One decision I’ve made is to stay away from male coworkers. I’ll talk with them at work, but as far as getting too close, nope not going to happen. It’s just better that way. “No I don’t want their number, No I don’t want to give them mine, No, I don’t want to meet them no where, No, I don’t want none of their time…” I all ready know the rumor mill and the gossip train would start if I was talking to someone at work. Can’t even get away from that when it’s not related to dudes.
So I’ve been meeting new people who seem pretty cool and I like them. They remind me of my good friends I’ve had throughout my life.
*Stupid thing wouldn’t scroll up like I wanted*
It’s nice to get some things accomplished that I’ve been working on.
I still feel that people tend to think they know who I am.

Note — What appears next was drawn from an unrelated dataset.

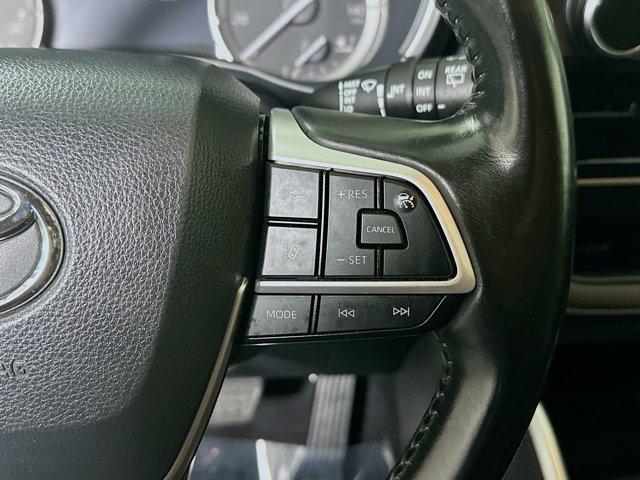 used 2022 Toyota Highlander car, priced at $32,577
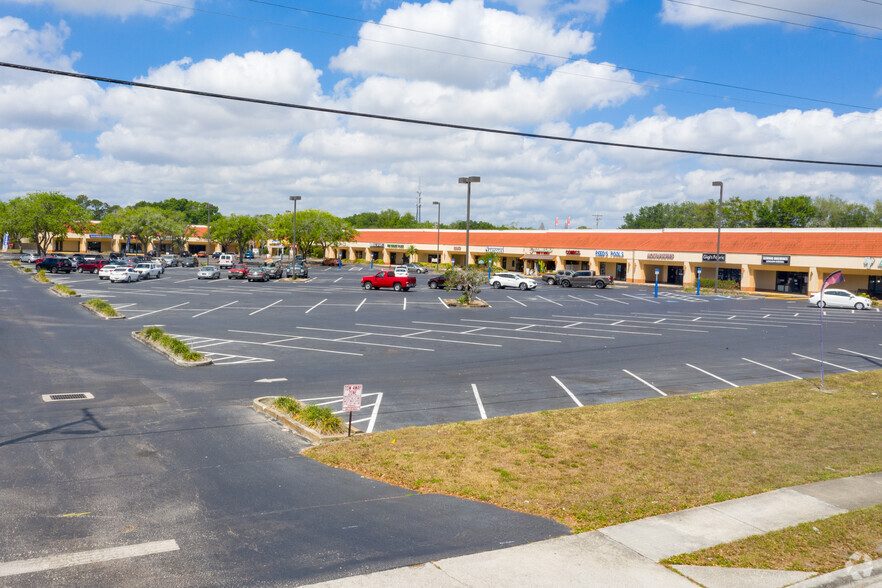 776 W Lumsden Rd, Brandon, FL for sale - Building Photo - Image 1 of 1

I really hate that, but you know there’s not much you can do when someone believes what everyone else tells them. Always feels like a group of people against one. Kind of like my character in the story. Feeling like you’re backed against the wall with people telling you who you are without even asking you. You know who you are, but it doesn’t matter.
I actually know who’s to blame for that. They know who they are.
Still I’m doing things I want to do and enjoying it, no matter what.
Still a lot of people are in pain. You can see it on their face.
Strange something seemed moved.
Oh yeah I guess my singing has been annoying the neighbors even though they make sure to tell me they can’t hear me. So how the heck can they hear me when my TV is up loud while I’m singing. I even whisper and they can hear me. Really strange. I can’t hear them and only occasionally when they get really loud.
I always seem to have nosy people in my life. I assume it’s because I don’t share my life with them. How can I trust any one when they think they know who I am and when they make it apparent they are being nosy. I don’t like people all up in my business. It’s my business and if I choose to share it with you then that’s different. I don’t have to share everything with you.
Trust is not given it’s earned. If you ever want me to trust you then you need to get out of my business. Also making fun of me doesn’t work either. I can’t trust anyone who thinks it’s OK to make fun of me because to me that’s being a bully and that’s not who I want in my life. I am very picky with who to trust and who I want in my life. Most people fail miserably at earning my trust.